Which I also absolutely love and which will become a special treasure for me.

But she moves quickly, my daughter, and finished this excellent woven duct tape wallet.

Now my husband and son and I want woven duct tape wallets too!  That'll keep her busy tomorrow.  After that ? . . . .

What have you been crafting?

Monday, August 1, 2011


I've just begun Stephen West's Chadwick from Westknits Book One and I am enthralled already.  I didn't skimp on the yarn for this one and that always helps make the knitting a more enjoyable experience.  I'm using Malabrigo Sock in the velvet grape colorway and Periwinkle Sheep in the avocado colorway.

Unfortunately the photo doesn't show the strand of silver going through the green but when I get to the large patches of green I hope they'll sparkle a little.  Fun colors!

While I was at the yarn shop I was also considering a light purple to go with the Malabrigo but in the spirit of Stephen West's vision for the Chadwick, "Clean lines and asymmetric sections accent beautiful yarns and high contract color choices," I went with the high contrast.  This is also my first time knitting with Malabrigo and yes, it's as soft as they say.  

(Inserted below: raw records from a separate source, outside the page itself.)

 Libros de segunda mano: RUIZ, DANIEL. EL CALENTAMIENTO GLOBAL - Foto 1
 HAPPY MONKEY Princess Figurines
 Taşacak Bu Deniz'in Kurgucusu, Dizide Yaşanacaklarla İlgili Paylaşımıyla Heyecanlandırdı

And this leads me to the conversation we had at the yarn shop about Stephen West.  We were wondering at how we were all interested in knitting at least half of the patterns in each of his books.  As we looked at them we were trying to figure out exactly what Stephen West does that makes his patterns so appealing.  

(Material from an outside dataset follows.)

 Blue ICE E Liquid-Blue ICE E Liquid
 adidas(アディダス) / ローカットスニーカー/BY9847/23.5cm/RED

The patterns themselves aren't so very complicated and yet they are not boring.  Certainly Mr. West has a color sense that's unique to him.  One of the best examples of that for me is his Piece Out hat.
I love this hat and I can't wait to cast on for it!  Such a simple idea, the addition of a bright, happy color into a smart looking hat.  Not too hard to knit, not too easy and it looks great on!  Really I think this is one of the things that makes a Stephen West pattern uniquely his own and so much fun.  Color, but not too much, in just the right places.

While Mr. West uses wonderful yarns in his patterns one of the nice things about his snatches of color here and there are that these patterns are great stashbusters!  I've got some yummy little bits of yarn that I haven't wanted to part with and now I've got a beautiful vehicle to use them.

During our conversation in the yarn store we also remarked that most of the patterns are accessories.  That was another of the things that we decided make the patterns so appealing.  We really could think of knitting half of the patterns in the book because  they won't take months to complete.  So many of them can be completed in a week or even a weekend!

The shop owner summed it up as Knittability.  Stephen West's patterns are very, very knittable.  I would add to that creative.  Creative Knittability!  Check out his books if you haven't yet.  You could get hooked too.